Late last year an economist, Francesca Cornaglia, decided to measure nicotine levels directly, or as directly as she could. Continine is a byproduct of nicotine, present in saliva. With a colleague from the Institute for Fiscal Studies at University College London, she linked records of continine concentrations state by state in the United States with information on the number of cigarettes sold per person and their price.

She found that while increases in cigarette taxes did cut the number of cigarettes sold, they appeared not to cut at all the level of continine in smokers' saliva. As she put it: smokers were smoking fewer cigarettes but were smoking each one "more intensively".

Smokers appear to adjust by having more puffs from each cigarette, inhaling for longer and (perhaps subconsciously) blocking the ventilation holes on the filter. (Interestingly she found that so-called heavy smokers may not be smoking that heavily at all. After about 10 cigarettes a day, they smoke each extra one far less intensively in order to merely top up their nicotine levels while avoiding an overdose. They appear to have an inbuilt nicotine regulation mechanism.)

Cornaglia found that smoking intensity increased throughout the 1990s as cigarettes became more highly taxed, and that this itself may be a health hazard. Smoking down to the filter leads smokers to inhale more dangerous chemicals. And she found that it's the poorer, mainly black Americans whom higher prices have forced to smoke the most intensively.

Cornaglia then turned her attention to the level of continine in the saliva of non-smokers. Her findings have made her particularly unpopular among those who would like to ban smoking everywhere they could. She presented them to economists at the Australian National University in November.

She found that increases in the tax on cigarettes improve the saliva of non-smokers quite dramatically, especially the saliva of children exposed to their parents' smoke. Throughout the 1990s the number of non-smoking Americans taking in dangerous levels of nicotine halved. Higher cigarette prices improve the health of the rest of us.
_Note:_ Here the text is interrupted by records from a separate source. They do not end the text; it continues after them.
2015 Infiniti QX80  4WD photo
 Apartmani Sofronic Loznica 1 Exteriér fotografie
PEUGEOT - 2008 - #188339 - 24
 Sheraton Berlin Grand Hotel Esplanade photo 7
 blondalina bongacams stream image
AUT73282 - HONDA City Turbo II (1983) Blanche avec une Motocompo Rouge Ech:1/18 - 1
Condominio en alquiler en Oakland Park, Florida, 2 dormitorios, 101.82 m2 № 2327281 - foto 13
But when it comes to banning smoking, a more complex picture emerges. Banning smoking on public transport, in shopping centres and in schools appears to improve non-smokers' health. But banning it in places where smokers "go out", such as restaurants and bars, makes the health of non-smokers worse. It pushes smokers away from those establishments and back into their homes where they pump smoke into the air breathed by their children and loved ones.

Cornaglia suggested a better public health measure would be to allow the creation of special smoking establishments where smokers could breathe smoke over each other. It is a suggestion unlikely to cut ice with NSW's crusading Minister for Cancer, Frank Sartor.

From mid-next year all areas of all hotels, clubs and nightclubs open to the public will be completely smoke-free. Smoking in the indoor areas of cafes and restaurants was banned in 2000.

But Cornaglia said it is more important to protect the health of children at home than the health of the non-smoking adults who choose to go into smoking establishments. Children at home have no say in their exposure to smoke, they are particularly prone to tobacco-related diseases, and if they are exposed they may do worse at school and earn less in later life.

As uncomfortable as her arguments may be to anti-smoking zealots, they are unlikely to be welcomed by the cigarette manufacturers. They have been arguing for years that second-hand smoke at home does no damage.

The latest economic research on smoking provides little comfort to anyone, and certainly not to anyone trying to give up as part of a new year's resolution. Short of getting pregnant there's no particularly successful way to do it, and merely cutting back won't make all that much difference to your health.

The best advice from the economics profession is to go cold turkey. Little wonder it's called the dismal science.